Why has it been translated into English at least five times (some claim nine)? Why have so many books, articles, PhD dissertations been written about it? Why do so many American university Italian Studies programs brag about professors on staff who are ‘experts’ on the book?
Clearly, this is a complicated question that entails social history and the sociology of literature. For present purposes, it should be noted that Manzoni published the book in 1827 during the northern Italian ferment leading up to the northern Italian invasion and annexation of southern Italy.

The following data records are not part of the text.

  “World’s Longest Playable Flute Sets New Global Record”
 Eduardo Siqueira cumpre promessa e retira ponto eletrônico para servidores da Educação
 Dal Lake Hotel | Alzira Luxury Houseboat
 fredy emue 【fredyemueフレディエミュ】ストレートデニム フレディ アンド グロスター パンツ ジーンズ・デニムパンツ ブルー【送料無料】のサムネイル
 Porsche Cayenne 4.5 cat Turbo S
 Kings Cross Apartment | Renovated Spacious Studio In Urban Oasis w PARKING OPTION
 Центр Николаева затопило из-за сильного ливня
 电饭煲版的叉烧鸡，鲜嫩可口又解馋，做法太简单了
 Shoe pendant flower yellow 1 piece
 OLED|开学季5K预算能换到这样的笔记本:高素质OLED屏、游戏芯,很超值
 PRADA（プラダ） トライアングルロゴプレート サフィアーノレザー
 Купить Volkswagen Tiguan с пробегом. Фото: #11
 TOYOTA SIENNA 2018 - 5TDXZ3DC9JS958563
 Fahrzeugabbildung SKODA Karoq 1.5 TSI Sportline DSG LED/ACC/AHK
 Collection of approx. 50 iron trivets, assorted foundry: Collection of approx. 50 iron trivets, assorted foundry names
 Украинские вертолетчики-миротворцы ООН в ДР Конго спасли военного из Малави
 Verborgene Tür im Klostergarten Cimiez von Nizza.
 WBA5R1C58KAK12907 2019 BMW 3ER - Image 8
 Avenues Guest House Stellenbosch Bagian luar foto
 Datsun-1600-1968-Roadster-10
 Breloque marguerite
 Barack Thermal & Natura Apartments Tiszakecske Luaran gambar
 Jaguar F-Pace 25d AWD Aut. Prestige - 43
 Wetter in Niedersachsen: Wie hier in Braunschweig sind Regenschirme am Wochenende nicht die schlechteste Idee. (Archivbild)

Hegemony – The predominate influence of a small group within society over the masses.
When a small group within a society foists its cultural values on the society as a whole, this may be called ‘cultural hegemony’. Language and ideology (e.g. nationalism) are aspects of a culture.
I posit: Manzoni’s book was used as a cultural hegemonic tool to establish northern Italian cultural hegemony over the masses of Italians, and particularly southern Italy.
Manzoni was a northern Italian nationalist. For example, he wrote in the Tuscan dialect, which northern ‘nationalist’ at the time envision as the national language of united Italy. No one asked the people south of Rome if they wanted a national language or what dialect should be consider the “national language.”
Manzoni's northern Italian nationalism is a significant reason for “The Betrothed’s” acclaim. This is the reason men like Garibaldi and Cavour, leaders of the national movement, paid Manzoni homage. He received a magnificent state funeral with princes, ministers and nobles in the cortege. Verdi honored this patriarch of Italian literature with his great memorial, the "Manzoni" requiem.
All of this homage had nothing to do with aesthetic qualities of his melodramatic love story; rather, the nationalist ideology implied by the love story.
I’ve read that currently it is required reading in Italy’s public schools. And, today it is also must reading in American university Italian Studies programs, in as much as they are northern Italian hegemonic spheres of influence in the southern-Italian American society.
Tragedy
Melodrama is often juxtaposed to tragic dramas, novels and short stories. Without going into a detailed discussion of the various characteristics of tragic literature, suffice it to say:
The immortal aesthetically renowned works of writers of tragic literature such as Tolstoy, Dostoyevsky, Hemingway, etc. are the polar opposite of ‘melodrama’ on the continuum of low to high literature.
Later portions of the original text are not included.